*** RECORDED DATA ***
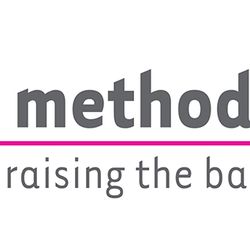 Method Barre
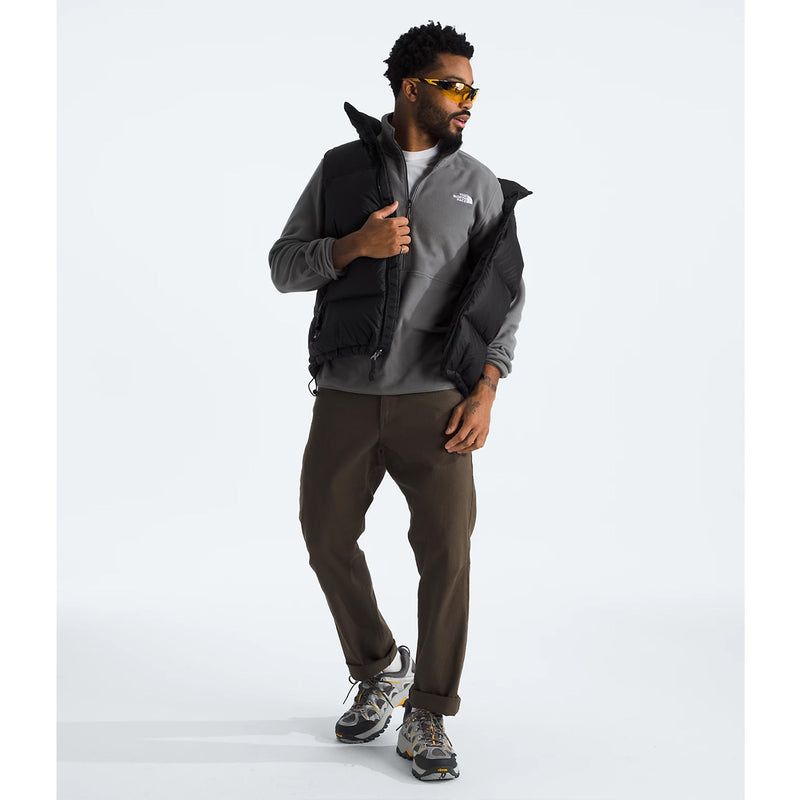 Load image into Gallery viewer, The North Face Men&#39;s Glacier Fleece 1/2 Zip
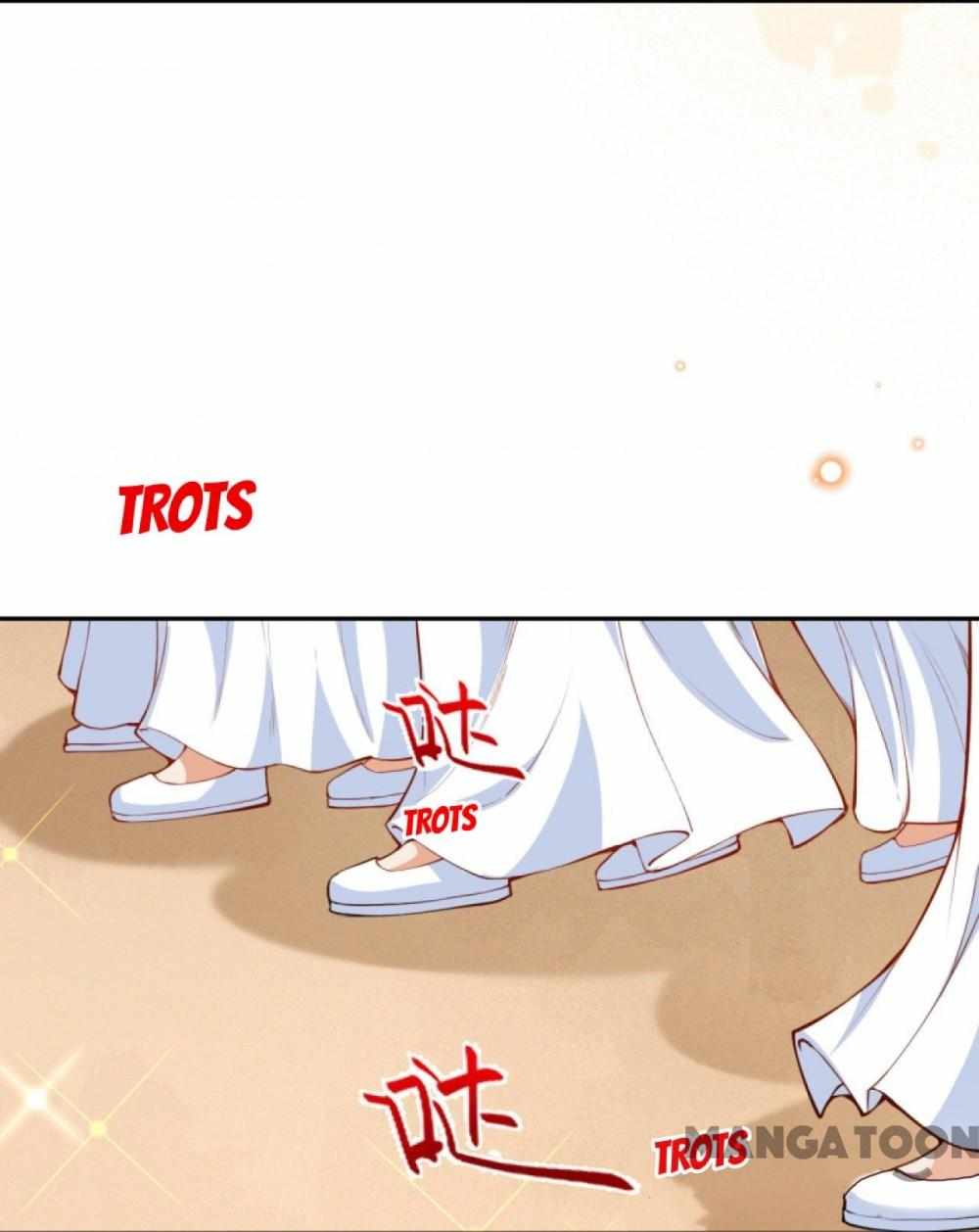 Against The Gods (Reuploaded) Chapter 415-eng-li - Page 52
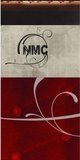 Nmc Organisation
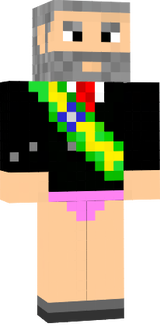 plinio0202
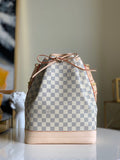 Amelia Fashion Lu-Vi bags - 17338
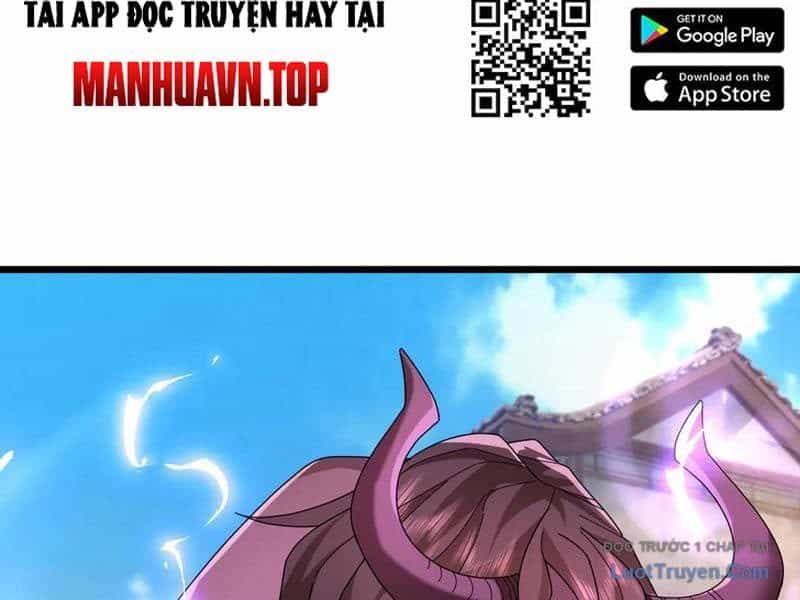 Ngủ Say Vạn Cổ: Xuất Thế Quét Ngang Chư Thiên - Chương 120 - ảnh 147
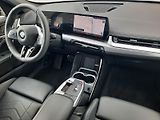 BMW X1 (2025) xDrive 20d M Sport - náhled 11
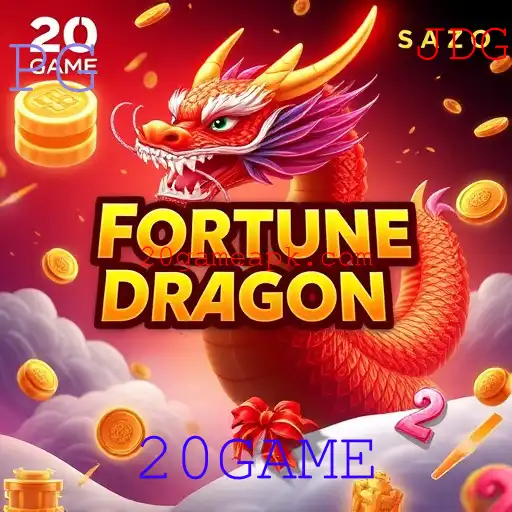 Jogos de pesca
*** End of RECORDED DATA ***
§ **WORK TASK**: Without any of its pictures, the listing is to be repeated exactly as it stands.

§ **FINISHED EXERCISE**:
 Method Barre
 Load image into Gallery viewer, The North Face Men&#39;s Glacier Fleece 1/2 Zip
 Against The Gods (Reuploaded) Chapter 415-eng-li - Page 52
 Nmc Organisation
 plinio0202
 Amelia Fashion Lu-Vi bags - 17338
 Ngủ Say Vạn Cổ: Xuất Thế Quét Ngang Chư Thiên - Chương 120 - ảnh 147
 BMW X1 (2025) xDrive 20d M Sport - náhled 11
 Jogos de pesca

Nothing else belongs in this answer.